Problem description> Go through the data below and count every line that has the word "Fitness". Return only the count.

+++ Dataset records +++

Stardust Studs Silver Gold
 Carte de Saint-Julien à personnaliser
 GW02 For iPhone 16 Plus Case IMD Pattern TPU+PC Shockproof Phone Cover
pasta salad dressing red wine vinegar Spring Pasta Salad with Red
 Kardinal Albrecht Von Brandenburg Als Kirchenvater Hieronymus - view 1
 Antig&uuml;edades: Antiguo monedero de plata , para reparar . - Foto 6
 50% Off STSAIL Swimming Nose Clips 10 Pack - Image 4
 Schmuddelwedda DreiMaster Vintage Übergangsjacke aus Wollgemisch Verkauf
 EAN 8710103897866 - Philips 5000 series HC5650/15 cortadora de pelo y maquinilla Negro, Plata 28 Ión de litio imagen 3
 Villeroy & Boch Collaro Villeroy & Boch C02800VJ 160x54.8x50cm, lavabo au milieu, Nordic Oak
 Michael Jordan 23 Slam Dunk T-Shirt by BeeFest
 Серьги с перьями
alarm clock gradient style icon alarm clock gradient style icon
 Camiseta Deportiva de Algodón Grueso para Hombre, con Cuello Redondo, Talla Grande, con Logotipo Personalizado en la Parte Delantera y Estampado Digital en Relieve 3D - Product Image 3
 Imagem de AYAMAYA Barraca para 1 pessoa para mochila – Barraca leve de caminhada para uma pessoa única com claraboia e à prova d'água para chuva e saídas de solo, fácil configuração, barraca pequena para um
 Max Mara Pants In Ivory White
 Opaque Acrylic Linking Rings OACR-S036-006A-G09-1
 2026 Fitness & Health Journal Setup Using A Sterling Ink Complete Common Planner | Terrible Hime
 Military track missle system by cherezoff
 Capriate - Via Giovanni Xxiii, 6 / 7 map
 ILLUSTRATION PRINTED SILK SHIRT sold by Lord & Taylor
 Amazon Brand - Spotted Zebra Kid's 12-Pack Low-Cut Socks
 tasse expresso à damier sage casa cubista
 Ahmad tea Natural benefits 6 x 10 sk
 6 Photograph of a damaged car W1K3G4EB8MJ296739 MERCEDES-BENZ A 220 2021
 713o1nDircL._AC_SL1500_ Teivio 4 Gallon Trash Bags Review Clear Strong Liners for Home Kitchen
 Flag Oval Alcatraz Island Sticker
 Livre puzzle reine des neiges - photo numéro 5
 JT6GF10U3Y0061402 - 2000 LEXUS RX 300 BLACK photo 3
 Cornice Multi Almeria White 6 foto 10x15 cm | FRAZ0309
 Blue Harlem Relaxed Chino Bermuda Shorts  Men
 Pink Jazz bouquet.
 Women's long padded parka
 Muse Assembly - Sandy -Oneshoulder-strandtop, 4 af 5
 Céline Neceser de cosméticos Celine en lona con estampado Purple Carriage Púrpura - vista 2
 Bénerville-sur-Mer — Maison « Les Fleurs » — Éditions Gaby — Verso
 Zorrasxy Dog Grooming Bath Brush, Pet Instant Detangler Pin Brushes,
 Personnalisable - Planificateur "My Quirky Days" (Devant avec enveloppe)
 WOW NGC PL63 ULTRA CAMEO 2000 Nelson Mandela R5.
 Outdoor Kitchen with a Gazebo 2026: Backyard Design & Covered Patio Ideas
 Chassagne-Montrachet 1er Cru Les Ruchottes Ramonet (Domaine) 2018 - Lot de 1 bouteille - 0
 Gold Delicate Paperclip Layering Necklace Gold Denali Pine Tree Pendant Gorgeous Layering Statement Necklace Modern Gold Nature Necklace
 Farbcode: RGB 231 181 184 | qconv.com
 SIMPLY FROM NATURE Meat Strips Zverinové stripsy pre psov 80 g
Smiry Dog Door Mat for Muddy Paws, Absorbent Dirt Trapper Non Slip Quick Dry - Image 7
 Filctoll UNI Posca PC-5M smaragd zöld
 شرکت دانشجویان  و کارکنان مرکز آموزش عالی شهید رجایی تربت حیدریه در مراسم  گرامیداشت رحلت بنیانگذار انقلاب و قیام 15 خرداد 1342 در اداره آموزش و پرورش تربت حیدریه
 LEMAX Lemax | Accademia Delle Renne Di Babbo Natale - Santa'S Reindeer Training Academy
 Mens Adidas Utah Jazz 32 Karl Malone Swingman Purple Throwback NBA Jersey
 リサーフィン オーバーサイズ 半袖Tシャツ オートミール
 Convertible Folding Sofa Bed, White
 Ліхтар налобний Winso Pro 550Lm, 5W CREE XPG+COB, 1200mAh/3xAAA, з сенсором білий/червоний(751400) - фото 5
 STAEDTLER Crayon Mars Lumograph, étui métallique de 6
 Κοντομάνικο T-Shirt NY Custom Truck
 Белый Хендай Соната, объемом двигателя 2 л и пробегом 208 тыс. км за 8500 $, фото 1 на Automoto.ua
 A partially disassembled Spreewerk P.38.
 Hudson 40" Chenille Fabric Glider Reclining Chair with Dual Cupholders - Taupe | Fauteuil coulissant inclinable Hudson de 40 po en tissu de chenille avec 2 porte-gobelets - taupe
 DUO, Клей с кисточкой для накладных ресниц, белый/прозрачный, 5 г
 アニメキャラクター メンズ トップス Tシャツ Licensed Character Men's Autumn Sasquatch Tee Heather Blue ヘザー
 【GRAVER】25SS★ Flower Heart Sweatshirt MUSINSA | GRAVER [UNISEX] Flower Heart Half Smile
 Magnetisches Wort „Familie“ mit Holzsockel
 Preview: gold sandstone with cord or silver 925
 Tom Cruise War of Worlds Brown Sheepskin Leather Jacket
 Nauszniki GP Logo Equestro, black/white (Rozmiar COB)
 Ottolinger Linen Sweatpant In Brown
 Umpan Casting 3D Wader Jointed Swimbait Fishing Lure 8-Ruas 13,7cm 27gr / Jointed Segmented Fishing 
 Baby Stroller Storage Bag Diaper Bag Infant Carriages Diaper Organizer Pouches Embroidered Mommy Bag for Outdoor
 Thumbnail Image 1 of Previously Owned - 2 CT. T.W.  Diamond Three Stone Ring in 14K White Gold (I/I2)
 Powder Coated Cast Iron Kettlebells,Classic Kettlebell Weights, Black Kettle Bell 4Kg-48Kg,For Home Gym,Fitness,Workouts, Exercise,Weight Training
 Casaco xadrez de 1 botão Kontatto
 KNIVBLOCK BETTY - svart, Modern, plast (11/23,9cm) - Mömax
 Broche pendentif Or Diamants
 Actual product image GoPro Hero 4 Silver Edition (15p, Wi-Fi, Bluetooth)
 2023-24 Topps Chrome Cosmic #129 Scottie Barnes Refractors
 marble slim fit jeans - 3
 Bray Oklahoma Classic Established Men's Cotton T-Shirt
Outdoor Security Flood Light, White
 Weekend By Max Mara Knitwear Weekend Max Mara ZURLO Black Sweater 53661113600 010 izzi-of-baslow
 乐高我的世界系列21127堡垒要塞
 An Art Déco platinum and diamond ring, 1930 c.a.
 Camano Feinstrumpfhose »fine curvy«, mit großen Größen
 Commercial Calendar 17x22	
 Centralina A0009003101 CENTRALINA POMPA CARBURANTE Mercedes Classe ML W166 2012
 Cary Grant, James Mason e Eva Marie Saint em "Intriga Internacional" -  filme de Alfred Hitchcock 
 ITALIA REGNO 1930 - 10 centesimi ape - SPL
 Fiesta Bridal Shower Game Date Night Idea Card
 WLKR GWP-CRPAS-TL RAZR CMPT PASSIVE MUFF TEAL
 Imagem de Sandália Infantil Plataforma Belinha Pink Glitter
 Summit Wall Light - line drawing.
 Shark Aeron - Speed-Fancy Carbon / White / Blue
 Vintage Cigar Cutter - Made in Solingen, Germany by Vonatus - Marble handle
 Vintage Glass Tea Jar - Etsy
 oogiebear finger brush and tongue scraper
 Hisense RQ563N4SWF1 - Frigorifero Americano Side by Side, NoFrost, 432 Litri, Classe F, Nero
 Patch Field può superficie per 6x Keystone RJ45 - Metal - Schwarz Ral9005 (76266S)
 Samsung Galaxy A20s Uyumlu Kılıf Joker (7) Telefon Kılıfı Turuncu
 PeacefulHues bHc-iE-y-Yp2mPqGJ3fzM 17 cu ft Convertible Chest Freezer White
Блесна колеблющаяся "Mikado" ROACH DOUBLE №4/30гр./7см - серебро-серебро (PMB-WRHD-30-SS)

+++

Result for this exercise> 2